What to do — Transcribe all the data, leaving each word as it is.

Source records —

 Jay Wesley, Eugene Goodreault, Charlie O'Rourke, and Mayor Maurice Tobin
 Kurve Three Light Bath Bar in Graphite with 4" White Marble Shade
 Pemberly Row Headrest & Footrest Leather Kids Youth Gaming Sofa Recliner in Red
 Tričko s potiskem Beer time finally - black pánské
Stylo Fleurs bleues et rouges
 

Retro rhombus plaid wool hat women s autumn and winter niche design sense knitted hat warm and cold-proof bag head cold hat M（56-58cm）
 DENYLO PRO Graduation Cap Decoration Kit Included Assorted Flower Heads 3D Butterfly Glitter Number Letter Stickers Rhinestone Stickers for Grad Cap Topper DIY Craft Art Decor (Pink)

Reply to the exercise —
 Jay Wesley, Eugene Goodreault, Charlie O'Rourke, and Mayor Maurice Tobin
 Kurve Three Light Bath Bar in Graphite with 4" White Marble Shade
 Pemberly Row Headrest & Footrest Leather Kids Youth Gaming Sofa Recliner in Red
 Tričko s potiskem Beer time finally - black pánské
Stylo Fleurs bleues et rouges
 

Retro rhombus plaid wool hat women s autumn and winter niche design sense knitted hat warm and cold-proof bag head cold hat M（56-58cm）
 DENYLO PRO Graduation Cap Decoration Kit Included Assorted Flower Heads 3D Butterfly Glitter Number Letter Stickers Rhinestone Stickers for Grad Cap Topper DIY Craft Art Decor (Pink)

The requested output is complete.